- [INFORMATION GIVEN]:
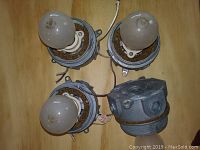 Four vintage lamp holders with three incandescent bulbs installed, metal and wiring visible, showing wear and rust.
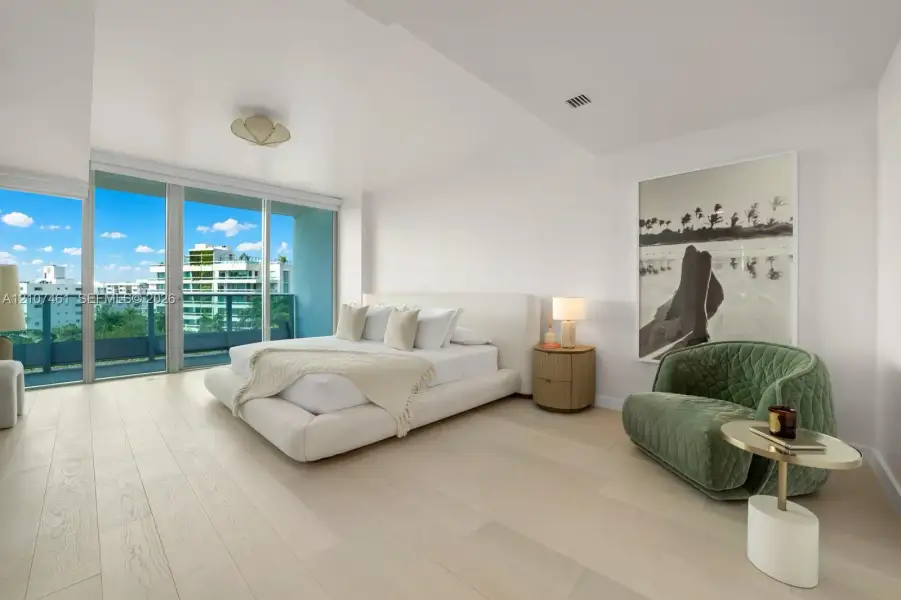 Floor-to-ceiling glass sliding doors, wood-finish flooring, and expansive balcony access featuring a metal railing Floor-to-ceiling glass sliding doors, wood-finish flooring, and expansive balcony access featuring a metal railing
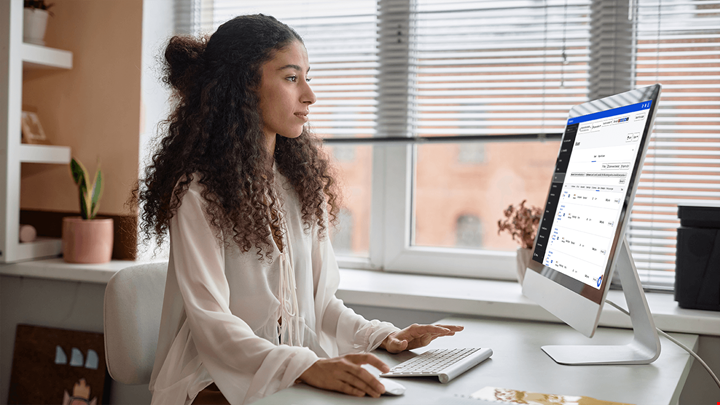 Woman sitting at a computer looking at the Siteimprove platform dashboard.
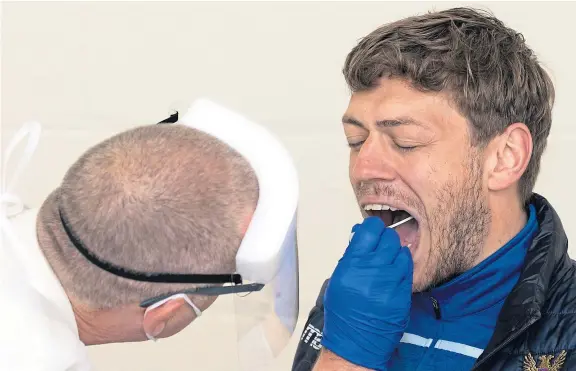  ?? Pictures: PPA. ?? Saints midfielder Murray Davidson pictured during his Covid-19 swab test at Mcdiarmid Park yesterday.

* * *

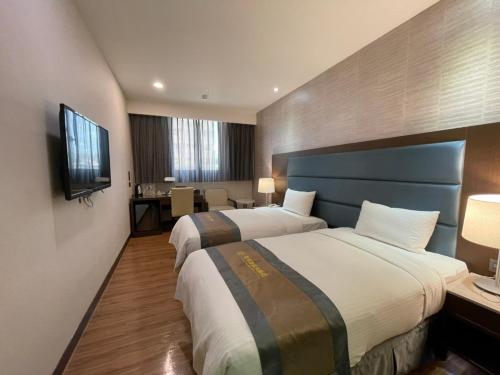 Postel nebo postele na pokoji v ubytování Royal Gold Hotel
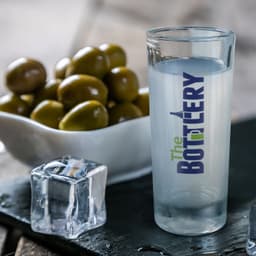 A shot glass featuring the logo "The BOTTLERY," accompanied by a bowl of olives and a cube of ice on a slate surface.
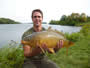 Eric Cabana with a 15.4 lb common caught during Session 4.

- [WHAT IS NEEDED]: Repeat the lines above exactly, beginning with the one containing "Woman sitting at" and finishing with the one containing "Mcdiarmid Park yesterday.". No pictures belong in the copy.

- [EXERCISE SOLUTION]:
 Woman sitting at a computer looking at the Siteimprove platform dashboard.
  ?? Pictures: PPA. ?? Saints midfielder Murray Davidson pictured during his Covid-19 swab test at Mcdiarmid Park yesterday.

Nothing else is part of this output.